La banque centrale prévoit d'explorer les dépôts tokenisés libellés en MYR et les stablecoins tout en préservant ce qu'elle appelle la "singularité de la monnaie" – assurant une convertibilité totale avec la monnaie traditionnelle. L'intégration de la monnaie numérique de banque centrale de gros sera également testée pour le règlement interbancaire et les paiements transfrontaliers.
Malgré cette approche tournée vers l'avenir de la tokenisation d'actifs, la Malaisie maintient une position prudente envers les crypto-monnaies. Bank Negara Malaysia souligne que les crypto-actifs ne sont pas reconnus comme monnaie légale en raison de la volatilité des prix et des facteurs de risque. Le marché crypto représente moins de 1% du total des dépôts du système bancaire en Malaisie.

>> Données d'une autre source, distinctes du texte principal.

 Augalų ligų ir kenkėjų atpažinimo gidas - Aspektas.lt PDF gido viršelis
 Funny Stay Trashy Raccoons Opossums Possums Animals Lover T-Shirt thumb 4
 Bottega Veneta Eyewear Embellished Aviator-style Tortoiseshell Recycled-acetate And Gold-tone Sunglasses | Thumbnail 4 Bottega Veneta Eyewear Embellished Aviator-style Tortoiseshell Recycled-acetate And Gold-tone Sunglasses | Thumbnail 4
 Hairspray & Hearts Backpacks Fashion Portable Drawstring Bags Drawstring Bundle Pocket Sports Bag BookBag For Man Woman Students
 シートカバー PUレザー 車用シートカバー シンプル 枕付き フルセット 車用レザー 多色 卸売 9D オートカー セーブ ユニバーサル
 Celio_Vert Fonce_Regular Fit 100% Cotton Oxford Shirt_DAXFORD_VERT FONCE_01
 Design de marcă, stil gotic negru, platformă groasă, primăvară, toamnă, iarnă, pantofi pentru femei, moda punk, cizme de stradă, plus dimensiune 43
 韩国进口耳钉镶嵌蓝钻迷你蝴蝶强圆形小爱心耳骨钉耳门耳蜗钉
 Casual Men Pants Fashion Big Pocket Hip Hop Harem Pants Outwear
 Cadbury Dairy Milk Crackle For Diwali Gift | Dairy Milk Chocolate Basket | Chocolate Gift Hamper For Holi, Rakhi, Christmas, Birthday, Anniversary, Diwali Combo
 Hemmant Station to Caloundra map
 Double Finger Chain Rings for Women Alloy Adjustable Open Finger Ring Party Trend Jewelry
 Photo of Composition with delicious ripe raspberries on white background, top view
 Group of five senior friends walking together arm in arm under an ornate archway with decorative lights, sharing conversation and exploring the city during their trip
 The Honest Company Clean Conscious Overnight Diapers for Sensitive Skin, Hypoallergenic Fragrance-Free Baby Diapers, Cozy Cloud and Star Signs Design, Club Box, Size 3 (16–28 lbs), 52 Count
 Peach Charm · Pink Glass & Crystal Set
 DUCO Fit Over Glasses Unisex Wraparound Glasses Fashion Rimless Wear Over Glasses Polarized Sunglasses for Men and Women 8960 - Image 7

La banque centrale limitera la participation aux pilotes de tokenisation aux institutions financières agréées et réglementées. Cette approche avec permission vise à maintenir les normes de gouvernance et la responsabilité tout en explorant l'innovation. Les premiers pilotes se concentreront sur des actifs financiers familiers comme les obligations, les prêts et les dépôts avant de s'étendre à des instruments plus complexes.
La feuille de route de tokenisation sur trois ans de la Malaisie représente une étape mesurée mais ambitieuse vers la transformation de la finance numérique. En se concentrant sur la résolution de problèmes économiques réels – du financement des petites entreprises à la modernisation de la finance islamique – l'initiative va au-delà de l'expérimentation technologique.
Si elle réussit, le programme pourrait remodeler le paysage financier de la Malaisie d'ici 2027, établissant le pays comme un leader régional dans la finance tokenisée réglementée. La combinaison d'une surveillance réglementaire prudente, d'une collaboration industrielle et d'une concentration sur la création de valeur pratique établit un modèle sur la façon dont les banques centrales peuvent aborder l'innovation blockchain de manière responsable.